Dr. Fernandez says the most difficult aspect is having to change gears throughout the day and remain productive in all of those areas. He does research, sees patients in the office and on the inpatient consult service, and teaches fellows and residents.
“If you are in a purely clinical position, you can see more patients and build efficiency,” says Dr. Fernandez.
Along these lines, Dr. Stoll has found it challenging to conduct competitive quality research while still performing other responsibilities. “When applying for research grants, I’m competing with physicians with PhDs who have more time to devote to research,” he says. But on the other hand, he has the advantage of having the ability to learn from his patients and develop research questions around what he sees in his clinical practice and conduct research on his patients.
Rheumatologists who work in a hospital setting have reaped many rewards …. [O]thers take care of many of the headaches that come with managing a private practice, such as selecting & paying for malpractice insurance … & maintaining a social media presence & website.
For Dr. Hughes, the biggest challenges are dealing with the lack of autonomy. “Policies are set for the good of the hospital group and not necessarily for the individual physicians,” she says. To overcome these challenges, she advises physicians and hospital administration have clear expectations of their roles, put physicians in leadership positions in administration and require input from physicians prior to implementing any big changes affecting the practice.
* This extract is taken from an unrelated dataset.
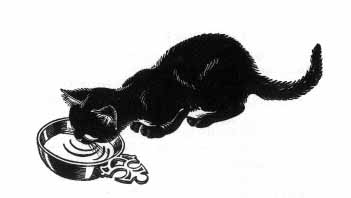 A cat drinks from a porridge bowl
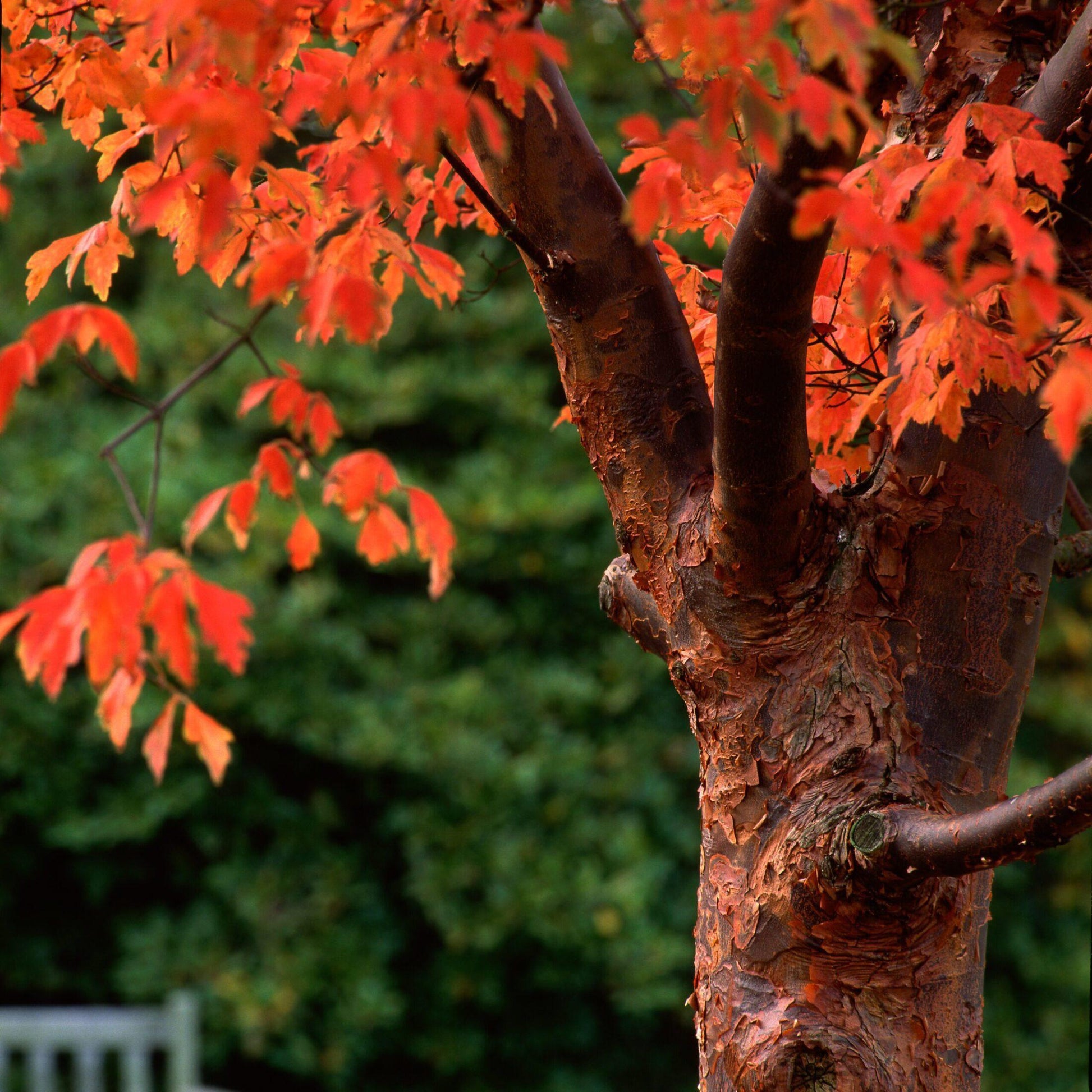 Acer Griseum Single Stem - View 13 from www redcrocus com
At the end of the day, some rheumatologists choose to work in a hospital setting rather than private practice because the advantages outweigh the disadvantages.
“I have incredible variety in my work,” Dr. Criscione-Schreiber says. “I began my career as a clinician–educator and then became a program director. This led to my further interest in education and obtaining an ACR Clinician Scholar Educator Award. This, in turn, led to becoming a funded education researcher. I’ve done clinical research and collaborated in basic and translational research. I’ve been able to impact the national conversation about education in rheumatology. I’ve had the opportunity to help lead improvements in mentoring for medical educators at Duke. In 2003, I never would have imagined that I’d do all the things I’ve done, and I’m sure that I’ll do all kinds of things I haven’t thought of yet in the next 13 years!”
An additional benefit of being in a setting where you can do research and have less time devoted to patient care time is flexibility. Dr. Criscione-Schreiber is able to leave early or come in late sometimes to tend to her children without working part time because she controls her work hours.
Dr. Hughes likes the stable work environment and good benefits, such as retirement planning options, health insurance benefits and paid vacation time.
At the end of the day, the best position for a rheumatologist depends on what you want long term. “If you are entrepreneurial and are willing to take on additional work outside of your clinical practice, then private practice would be an attractive target,” Mr. Jennings says. “On the other hand, if you simply want to be employed and enjoy a busy practice with a competitive income, then you may want to consider a hospital-employed setting.”
Karen Appold is a medical writer in Pennsylvania.